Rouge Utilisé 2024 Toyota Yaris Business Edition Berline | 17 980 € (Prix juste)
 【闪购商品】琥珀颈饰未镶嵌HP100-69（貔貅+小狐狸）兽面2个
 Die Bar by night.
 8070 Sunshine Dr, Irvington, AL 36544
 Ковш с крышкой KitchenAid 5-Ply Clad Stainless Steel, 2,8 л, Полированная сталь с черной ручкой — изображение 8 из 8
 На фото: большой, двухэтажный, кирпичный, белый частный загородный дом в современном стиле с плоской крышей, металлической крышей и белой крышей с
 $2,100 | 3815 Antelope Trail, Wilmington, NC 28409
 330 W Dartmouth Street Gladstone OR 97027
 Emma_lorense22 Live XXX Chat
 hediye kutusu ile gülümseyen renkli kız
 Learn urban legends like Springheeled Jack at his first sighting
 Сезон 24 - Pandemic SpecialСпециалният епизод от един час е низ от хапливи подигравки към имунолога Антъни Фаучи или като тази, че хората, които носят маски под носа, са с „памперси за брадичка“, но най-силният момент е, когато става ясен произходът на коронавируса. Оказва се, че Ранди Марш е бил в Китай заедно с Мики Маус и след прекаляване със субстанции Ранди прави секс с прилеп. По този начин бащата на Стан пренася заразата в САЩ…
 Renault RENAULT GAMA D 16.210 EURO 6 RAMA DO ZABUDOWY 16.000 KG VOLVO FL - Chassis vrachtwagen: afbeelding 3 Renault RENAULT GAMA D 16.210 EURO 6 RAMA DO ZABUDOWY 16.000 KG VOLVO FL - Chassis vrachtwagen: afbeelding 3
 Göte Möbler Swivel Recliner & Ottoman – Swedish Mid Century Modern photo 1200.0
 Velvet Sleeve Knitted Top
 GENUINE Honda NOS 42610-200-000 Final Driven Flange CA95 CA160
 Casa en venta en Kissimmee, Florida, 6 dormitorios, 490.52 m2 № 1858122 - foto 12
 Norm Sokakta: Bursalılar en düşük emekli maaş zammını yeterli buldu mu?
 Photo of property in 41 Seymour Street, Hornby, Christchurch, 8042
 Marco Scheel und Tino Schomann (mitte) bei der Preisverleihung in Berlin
▬▬▬▬▬▬▬▬▬▬
→ **Task requirements**
Keeping every character as it is, restate the lines above that run from the line with "Die Bar by night." through the line with "Learn urban legends", both included, and nothing else.

→ **Result of this exercise**
 Die Bar by night.
 8070 Sunshine Dr, Irvington, AL 36544
 Ковш с крышкой KitchenAid 5-Ply Clad Stainless Steel, 2,8 л, Полированная сталь с черной ручкой — изображение 8 из 8
 На фото: большой, двухэтажный, кирпичный, белый частный загородный дом в современном стиле с плоской крышей, металлической крышей и белой крышей с
 $2,100 | 3815 Antelope Trail, Wilmington, NC 28409
 330 W Dartmouth Street Gladstone OR 97027
 Emma_lorense22 Live XXX Chat
 hediye kutusu ile gülümseyen renkli kız
 Learn urban legends like Springheeled Jack at his first sighting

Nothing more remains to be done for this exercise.